Between 2011 and 2017, a great deal of work related to setting up of standards and aligning these with global norms was completed by the FSSAI. Now it implements regular revisions and updates on an ongoing basis.

While the FSSAI is the apex regulatory authority for food products, six other agencies are also involved for specific purposes. To make available a single point of information for all food-related business compliance requirements, the Food Regulatory Portal provides important information and links it with those of other national agencies in the food safety ecosystem such as Legal Metrology, Customs, Plant and Animal Quarantine, Bureau of Indian Standards (BIS) and Agmark.

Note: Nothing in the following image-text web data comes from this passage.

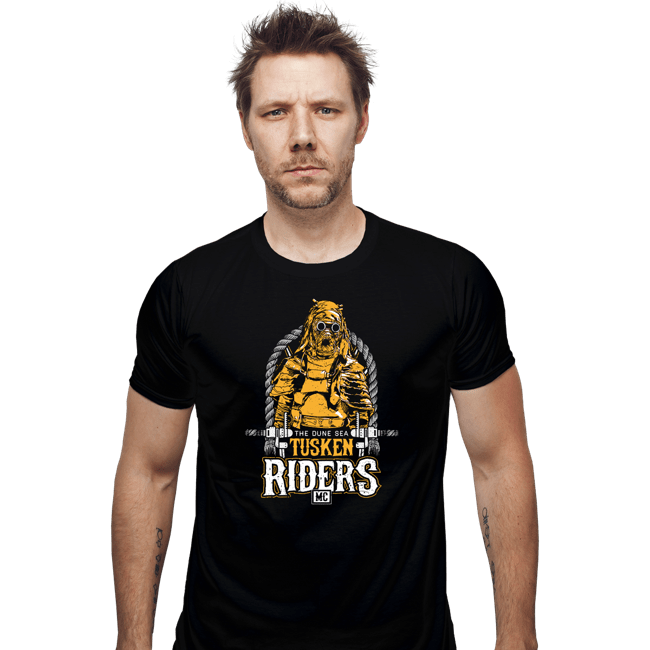Shirts Fitted Shirts, Mens / Small / Black Tusken Riders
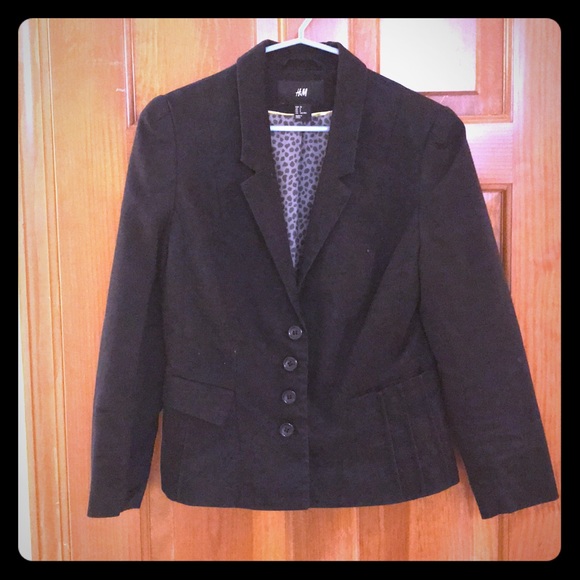 H&M  Black Blazer - Picture 1 of 4
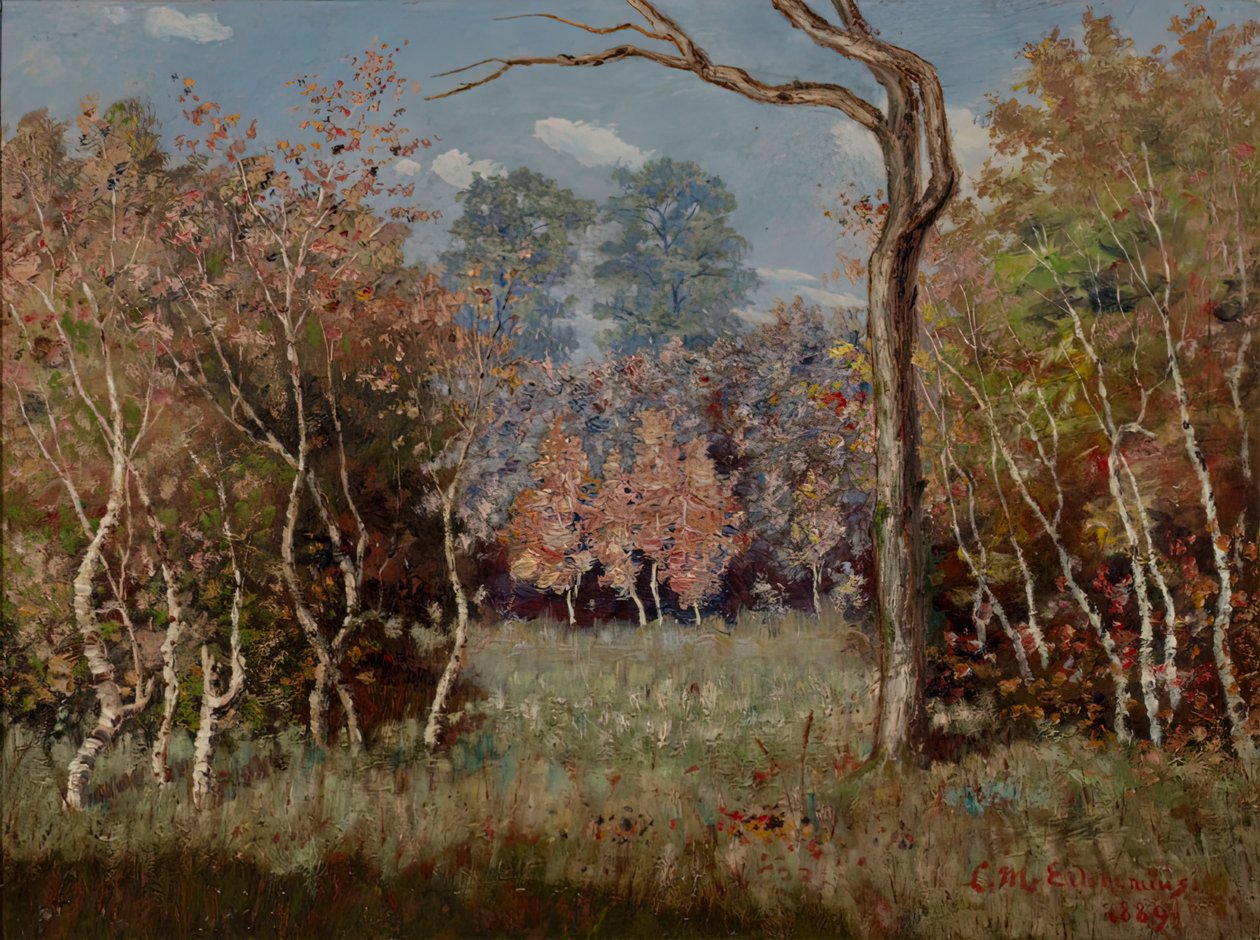 Podzimní krajina, 1889. od Louis Michel Eilshemius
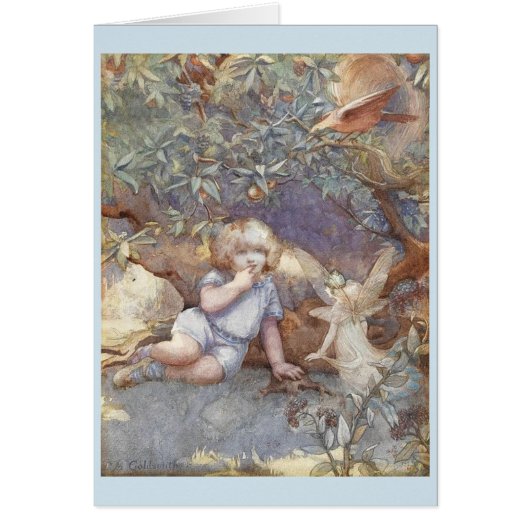 Vintage - Fairy Fantasy (Voorkant)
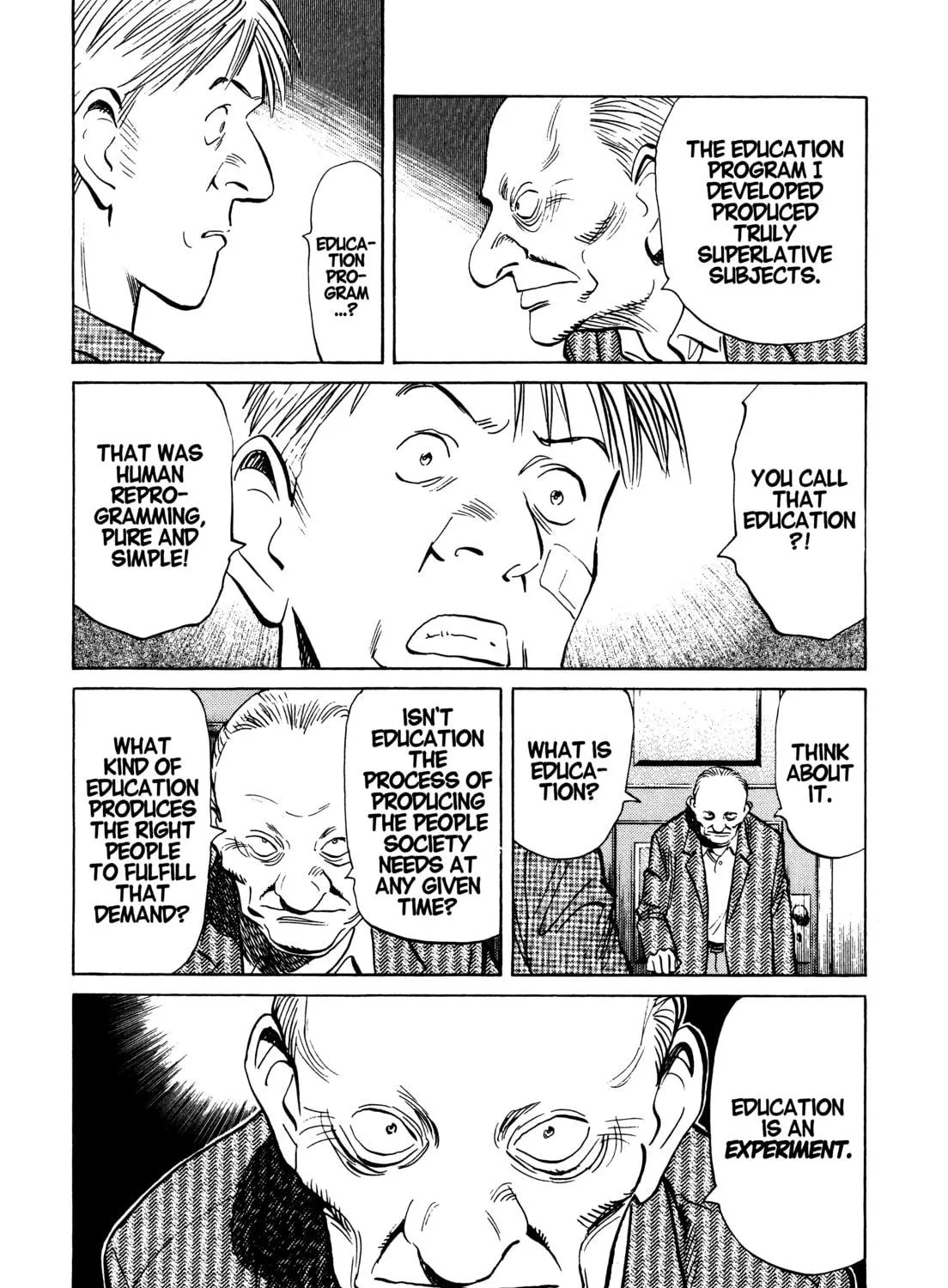 Read Monster (Perfect Edition) chapter 81 image 8 on Lezhin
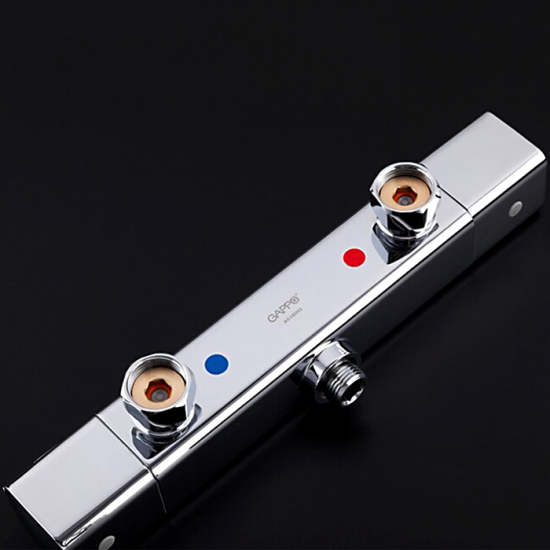 Смеситель для душа GAPPO G2091 с термостатом, хром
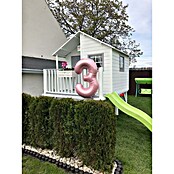 Kinderspielturm Jeremy (L x B x H: 175 x 226 x 250,5 cm, Natur) | BAUHAUS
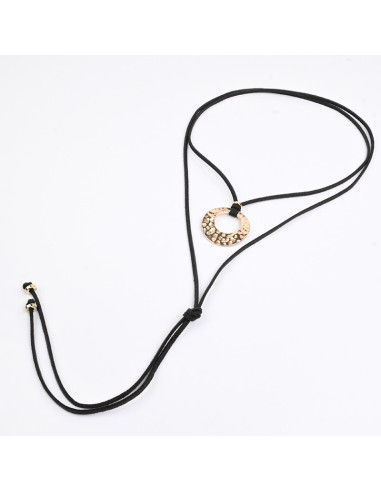 Collar de Gamuza | Infinita Moda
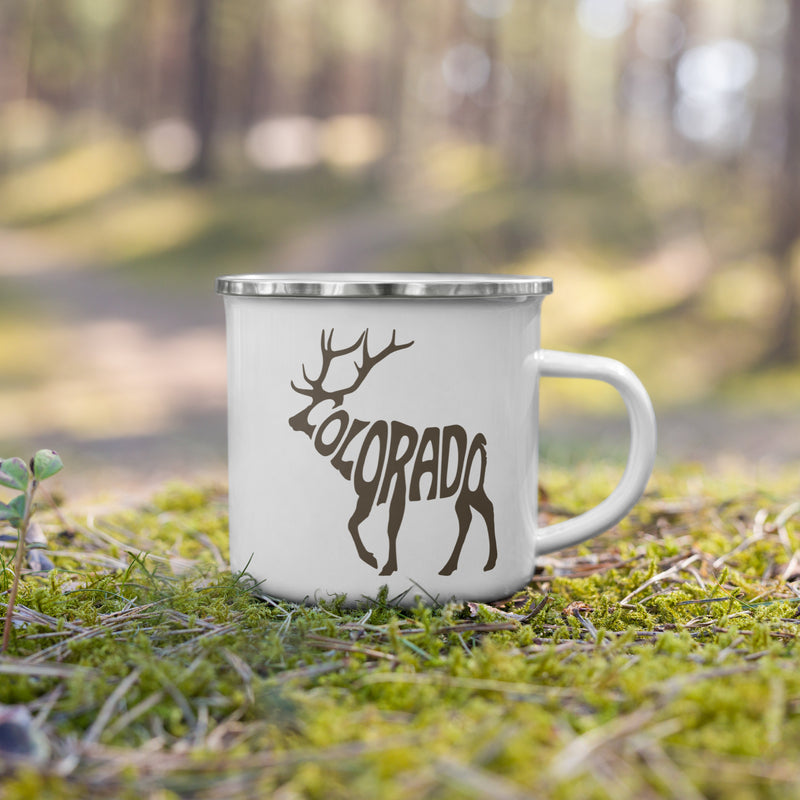 Colorado Enamel Camp Mug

Challenges being Faced in Implementation
Despite India having a legal framework in place, it still struggles with enforcing food safety standards throughout the country, primarily due to the following reasons:
 1. The complexity in understanding regulatory requirements results in a gap in effective implementation of standards.
 2. There is inadequate infrastructure in laboratories or fewer laboratories than required. Even today, the number of laboratories per million people in the country is far below their number in countries such as China and the US.
3. Furthermore, one of the requirements under food safety is the need for implementation of ‘farm to fork’ traceability, which facilitates preventive and remedial measures that need to be undertaken in food safety regimes, as mandated by the Food Recall Procedure Regulation 2017 for food businesses in India.
 4. According to the findings of the GS1 India survey, the majority of businesses do not have effective traceability systems across their food supply chains.

Currently, most Food and Beverage organisations have implemented a track and trace system up to ‘one-level down’ in their supply chains, i.e., up to the distributor level. Many developed and fast-developing countries have implemented legal traceability-related norms, e.g., the European Union (EU) 1169/2011, EU 178/2002 regulations, to ensure food safety, and exporting countries are under pressure to comply with these.

Conclusion
The new objectives under the Food Safety and Standards Act go far beyond the objectives of Prevention of Food Alteration Act. The preamble of Prevention of Food Alteration Act laid emphasis only on provisions which helped prevent adulteration while the Food Safety and Standards Act lays emphasis on all laws related to food. This includes manufactory, storage, registration, sale and import. It helps make the availability of food safe and wholesome for human consumption.